Review for NeurIPS paper: Minimax Regret of Switching-Constrained Online Convex Optimization: No Phase Transition

NeurIPS 2020

Minimax Regret of Switching-Constrained Online Convex Optimization: No Phase Transition

Review 1

Summary and Contributions: This paper deals with the problem of online convex optimization with hard switching costs: the online learning algorithm must not change the action more than K times. The authors focus on the case where the adversary selects only linear functions. The contribution of the paper is threefold: - A lower bound on the regret based on applying Abernethy's adversary (for the lower bound in regret in OCO) when the agent changes her action. - An upper bound on the regret based on taking batches of T/K consecutive epochs and applying stochastic gradient in the now K-horizon problem. This gives a matching bound on the order of K and T and exact for dimension n> 1 - An exact lower bound for n=1: this is obtained via a minmax analysis of a novel type of game ("fugal game").

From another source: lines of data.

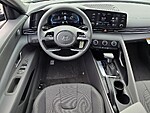 New 2026 HYUNDAI ELANTRA SE SEDAN in DAVIE, FLORIDA (Photo 7)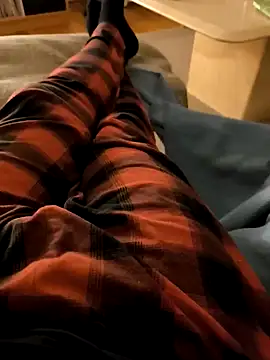 OdinWolf1990 online show from 02-07-25, 07:59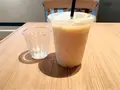 AKOMEYA TOKYO in la kagūの写真_91690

Strengths: 1. This is the first paper to provide regret bounds (which also happen to be tight) with a constrained number of switches rather than just switching costs. 2. The fugal game (to obtain bounds for n =1 ) is a quite neat idea.

Weaknesses: 1. The techniques used to obtain the bounds for n > 1 are rather standard. It is also not clear if the fugal game can be extended/used for other cases.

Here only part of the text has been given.